Here's today's look at some of the top stories on markets and politics in Europe.

Russia intensifies web censorship.

On Thursday, the Russian telecommunications regulator orders internet providers to block access to a number of news and opinion resources critical of President Vladimir Putin, such as ej.ru, grani.ru and kasparov.ru, the latter maintained by former world chess champion Garry Kasparov. It also blocked opposition leader Alexei Navalny's personal blog, arguing he was not allowed to update it while under house arrest. The popular radio station Echo Moskvy was ordered to remove a mirror of Navalny's blog from its website, and until it did so, access to the site was blocked, too. Echo Moskvy promptly removed the blog. All this followed the firing of Galina Timchenko, editor in chief of the Russian internet's most popular uncensored news resource, Lenta.ru, with about 500,000 daily visitors. Lenta's Kremlin-friendly shareholder Alexander Mamut fired her after the regulator warned that a reference to a Ukrainian ultra-nationalist's anti-Russian remarks violated Russian anti-extremist laws. Because of Putin's aggression in Crimea, Russian internet users seeking uncensored information, as opposed to official propaganda, face a quickly narrowing choice. Most likely the curious will start fighting this emerging Great Russian Firewall with anonymous proxies and other means of bypassing site blockages.

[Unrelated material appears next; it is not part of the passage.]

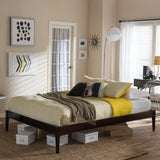 Baxton Studio Bentley Mid-Century Modern Cappuccino Finishing Solid Wood Queen Size Bed Frame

Ukraine asked U.S. for military aid.

Ukraine's interim government appealed for U.S. military aid when acting Prime Minister Arseniy Yatsenyuk visited Washington. It asked for arms, ammunition and intelligence support to fend off a Russian invasion of the continental part of its territory as Russia started military drills on Ukraine's borders. Pro-Russian activists killed a Ukrainian nationalist during bloody clashes in Donetsk on Thursday, and the Ukrainian authorities believe that the destabilization could be a prelude to full-scale intervention by Russian troops. The U.S., however, denied the Ukrainian request for fear of provoking an unpredictable Russia. Ukraine is helpless militarily, and NATO will not step in to defend it. Putin knows he could conquer the neighboring country if he wanted, and is probably weighing the economic cost. Former finance minister Alexei Kudrin, said Thursday that broad Western sanctions could cost Russia $50 billion per quarter, a heavy price to pay for crushing a defenseless neighbor.

Draghi makes verbal intervention to counter euro rise.

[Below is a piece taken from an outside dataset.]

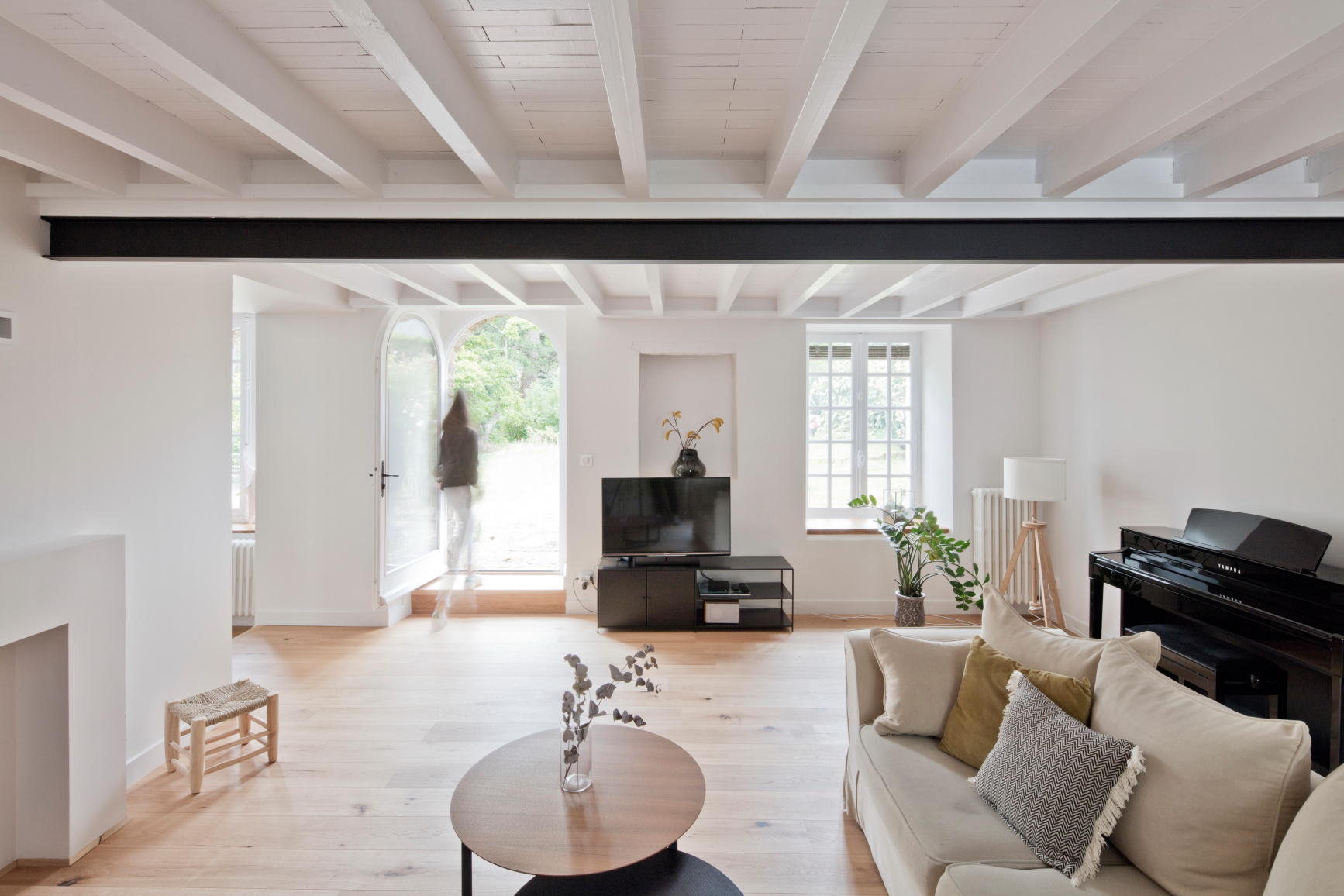 rénovation d'une ancienne ferme près de Nantes, avec plancher en bois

European Central Bank president Mario Draghi made it clear the ECB was worried about the recent rise of the euro to two-year highs against the dollar. He said the central bank's forward guidance, projecting lower interest rates, should drive the currency down. "The real interest rate spread between the euro area and the rest of the world will probably fall, thus putting downward pressure on the exchange rate," Draghi said. It is time to admit the ECB probably made a mistake a week ago when it left interest rates unchanged: the euro has since gained about 1 percent against the dollar, reviving deflation fears. Draghi's words are not enough: The ECB has to act to show it is serious about sustaining Europe's fragile economic recovery.

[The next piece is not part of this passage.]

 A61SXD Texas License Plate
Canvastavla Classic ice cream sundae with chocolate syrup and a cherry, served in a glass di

Bidding war for Vivendi's SFR heats up.

Both potential buyers of Vivendi's French mobile operator SFR sweetened their offers and sought to reassure the government that the deal would not have adverse social consequences. Cable operator Numericable's owner Altice increased the cash portion of its offer from $15.17 billion to $16.35 billion. Diversified holding Bouygues boosted its cash offer from $14.6 billion to $15.71. Bouygues is also offering Vivendi a 43 percent stake in the combined company, while Altice's proposal is 32 percent. Boygues's offer is better on the surface, but will face regulatory hurdles because it will reduce the number of mobile operators in France to three. Besides, it might result in more job cuts, because the combined Boygues-SFR operator would not need as many support staff as the two companies working separately. Bouygues has promised to the government it would keep all the staff, but officials are not sure whether this is a long-term commitment. Vivendi, which needs the money to cut its debt burden, might lean towards Altice because that way it will get paid faster and there is no chance the deal will fall through. If that happens, the cable-mobile merger may become the standard for upcoming European telecom consolidations.

EU decrees single charger for mobiles in three years.

The European Parliament finally approved a European Commission directive decreeing that all the producers of mobile phones, tablets and GPS navigators should use the same charger plugs. The directive, which has been in the works since 2009, comes into effect in three years. This is a rare example of the EU bureaucracy doing good where the market failed. Producers could have agreed on a unified charger, making life easier for consumers without hurting their competitive positions: Nobody buys a mobile phone because it has a particular charger plug. They couldn't do that, however, and the regulator stepped in. It's time for the U.S. and other countries to follow suit, since the gadget producers will now be working to unify chargers for the European market, anyway.